• _EXERCISE DESCRIPTION_: Only the lines below from the one containing "this 560×420 image." through the last line should be set down, exactly as written and with no pictures.

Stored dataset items

|---|

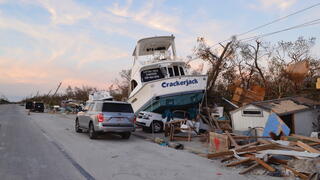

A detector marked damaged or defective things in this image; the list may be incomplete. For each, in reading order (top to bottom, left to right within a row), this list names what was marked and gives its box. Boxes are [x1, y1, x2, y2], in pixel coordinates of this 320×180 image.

damaged roof [251, 97, 318, 115]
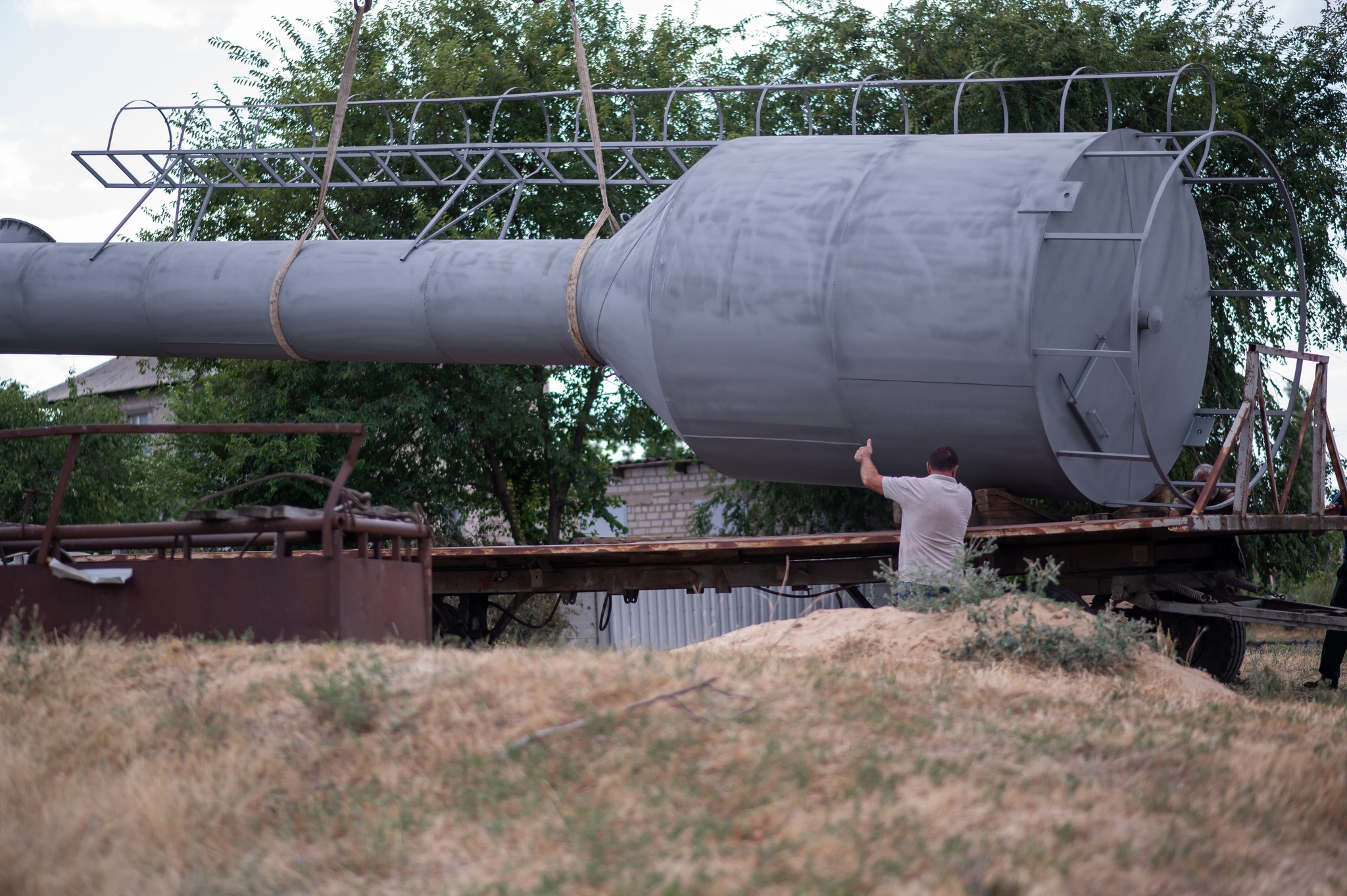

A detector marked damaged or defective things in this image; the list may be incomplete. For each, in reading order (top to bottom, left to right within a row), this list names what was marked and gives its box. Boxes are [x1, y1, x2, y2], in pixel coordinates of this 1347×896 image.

rusty equipment [0, 421, 431, 639]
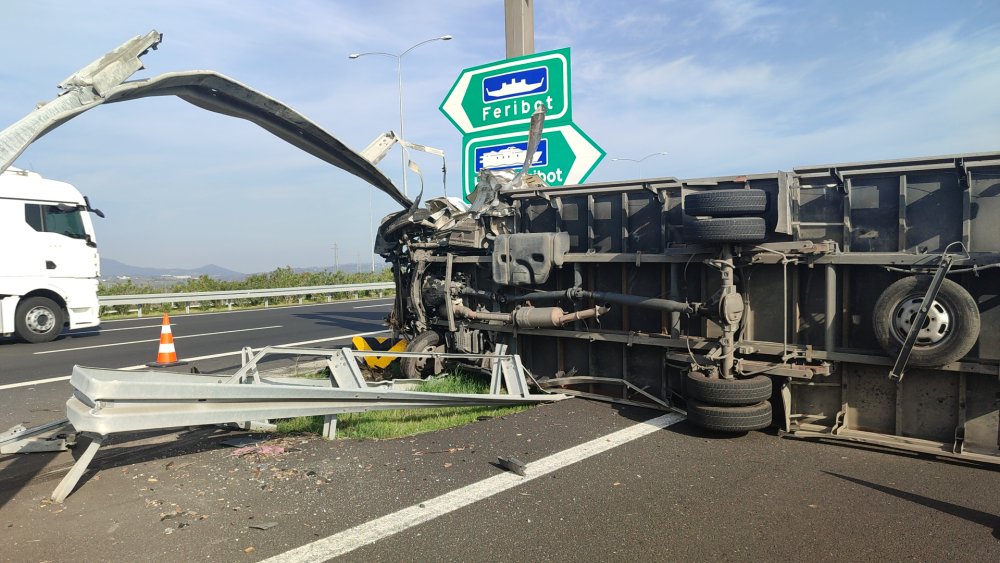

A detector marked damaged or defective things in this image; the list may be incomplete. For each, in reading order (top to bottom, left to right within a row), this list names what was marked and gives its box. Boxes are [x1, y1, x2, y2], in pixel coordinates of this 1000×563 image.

overturned truck [378, 126, 1000, 462]
damaged truck cabin [378, 143, 1000, 464]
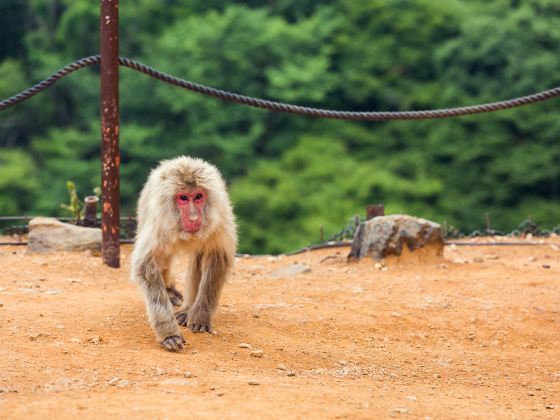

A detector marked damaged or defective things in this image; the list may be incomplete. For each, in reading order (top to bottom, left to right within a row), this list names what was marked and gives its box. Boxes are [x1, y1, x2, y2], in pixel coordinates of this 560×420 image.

rusty metal pole [99, 0, 119, 268]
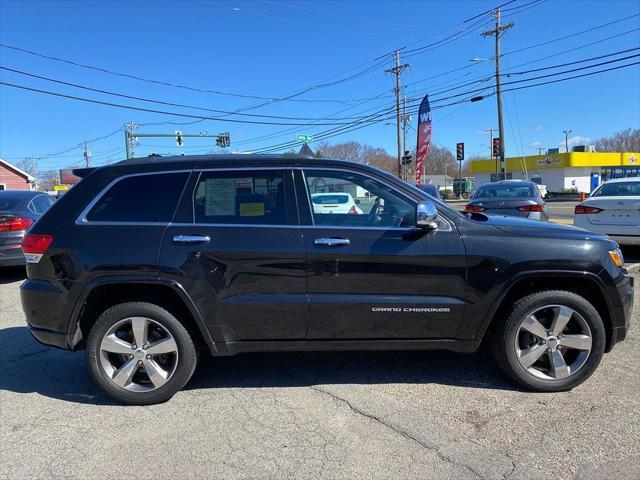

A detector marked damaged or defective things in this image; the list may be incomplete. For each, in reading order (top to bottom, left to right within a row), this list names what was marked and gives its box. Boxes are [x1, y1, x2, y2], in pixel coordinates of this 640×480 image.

cracked pavement [0, 266, 636, 480]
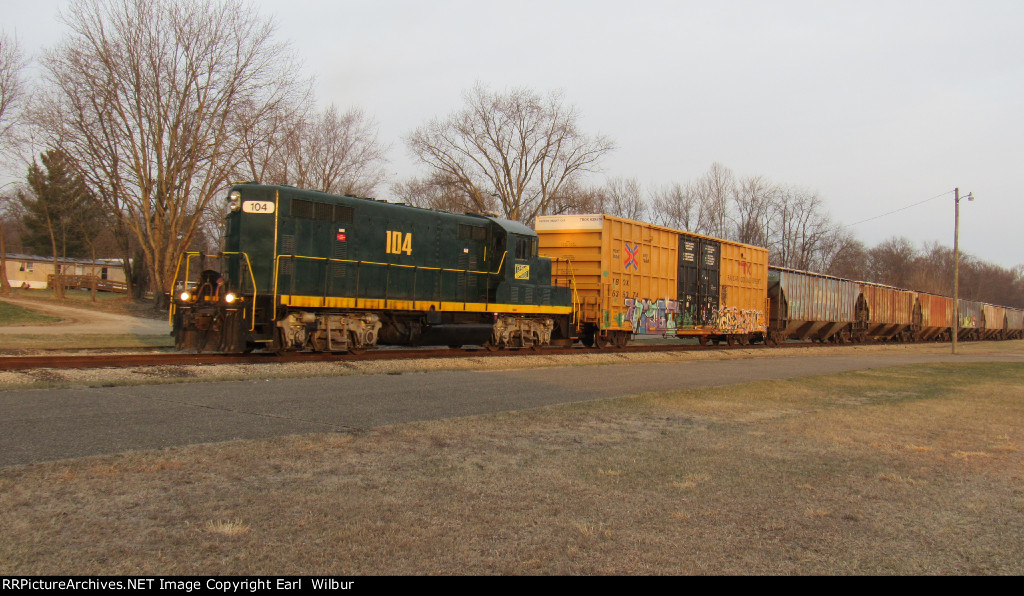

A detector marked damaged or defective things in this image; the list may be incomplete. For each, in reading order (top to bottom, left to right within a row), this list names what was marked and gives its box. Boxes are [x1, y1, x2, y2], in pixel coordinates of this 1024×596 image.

rusty freight car [536, 215, 770, 348]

|---|

• _RESPONSE TO THIS EXERCISE_:
A detector marked damaged or defective things in this image; the list may be incomplete. For each, in reading order (top to bottom, left to right within a row), this list names what was marked and gives its box. Boxes are [x1, y1, x2, y2], in pixel coordinates of this 560×420 image.

rusty metal pole [99, 0, 119, 268]

A detector marked damaged or defective things in this image; the list may be incomplete. For each, in reading order (top to bottom, left to right within a row), this list names what was marked and gives its box. Boxes are [x1, y1, x2, y2], in pixel coordinates of this 640×480 image.

cracked pavement [0, 266, 636, 480]

A detector marked damaged or defective things in this image; the list may be incomplete. For each, in reading order (top to bottom, left to right within a row), this list names what was marked and gives its box. Boxes are [x1, y1, x2, y2], in pixel coordinates of this 1024×596 image.

rusty freight car [536, 215, 770, 348]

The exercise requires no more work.